As a matter of choice, my wife and I have 3 children and each of those have
2 children.  So we exceed our replacement rate.  Maybe our only hope for
justifying this level of procreation is the hope that somehow we are
introducing "heritable inclinations that will promote sustainability and
protection for the environment," as Lonnie Aarssen hopes for but concludes
as being beyond the process of evolution.

One of my sons is in charge of fire protection on a major National Forest.
His daughter is pursuing a PhD in forest fire ecology.  His son is a
straight-A college senior planning to enter medicine with a goal of helping
bring healing to the world's poorest countries.

My daughter is a Human Resources Manager for the regional office of a major
grocery firm.  Her son is currently with Teach for America in an inner city
school in Texas, working with challenged children.  Her daughter is a
straight-A senior in college, interning with the county District Attorney's
office as support for abused children and women -- she plans to go into
criminal law and politics.

My youngest son currently directs a university's business education,
engineering and industry partnership.  This alliance promotes the making of
real things that improve people's lives, with consideration for
sustainability and economic justice.  His 2 children are young, but his son
is doing very well in a bi-lingual kindergarten program.

I know this can be construed as showing nothing more than selfish pride.
However, I hope some see at least a glimmer of hope that we can produce
children that will improve the future world.  It may be partly due to
genetics, partly due to cultural evolution, and partly due to good luck.
But for now, my only hope is that we who are the current decision makers
provide them with a future in which their skills and compassion will
prevail -- that we do not produce a future world in which only basic
survival skills and physical competitiveness will prevail.

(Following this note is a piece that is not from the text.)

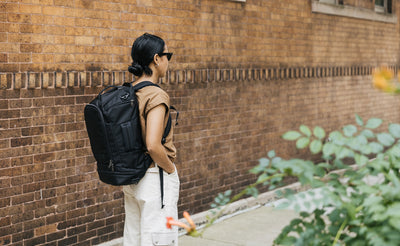 visible lifestyle ^^ A person wearing the Techonaut 30 as a backpack.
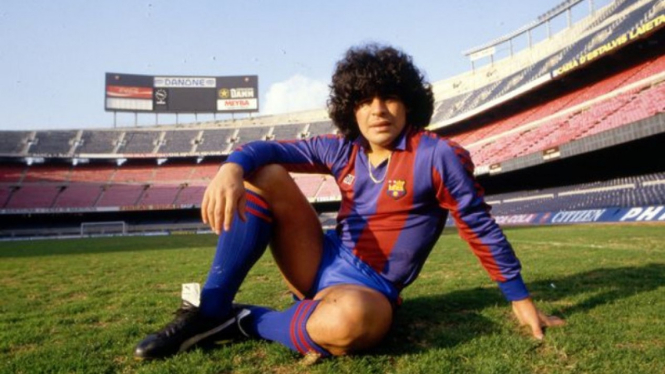Legenda Timnas Argentina, Diego Maradona, saat membela Barcelona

In other words,
maybe we humans can  strive to create a future in which new rules of
evolution apply -- one in which altruism is propagated and selfish
competition for resources is snuffed out.

Warren W. Aney
Senior Wildlife Ecologist
Tigard, Oregon

-----Original Message-----
From: Ecological Society of America: grants, jobs, news
[mailto:[EMAIL PROTECTED] Behalf Of Lonnie Aarssen
Sent: Sunday, December 02, 2007 12:05 PM
To: ECOLOG-L@LISTSERV.UMD.EDU
Subject: Wanting, or not wanting, babies


In terms of wanting, or not wanting babies, if we wish to predict what
future generations will be like, then our most reliable guide – as
biologists – comes from the principle (actually, law) of natural selection:
 the most common future traits for a species will be those of its
predecessors (including those individuals alive today) that left the most
descendants.  This will be especially true for traits that affect offspring
production directly.  It is quite obvious, therefore, that for humans, these
predecessors will not include those alive today who choose to be childless
or childfree.  The critical question then is, do we have any reason to
suspect (or hope) that those individuals alive today whose heritable
inclinations promote offspring production, also have heritable inclinations
that will promote sustainability and protection for the environment?  There
is not a single species that has ever lived, including humans, whose
evolution has resulted in these consequences.  And, sadly, there is little
reason to believe that the future evolution of humans will be any different.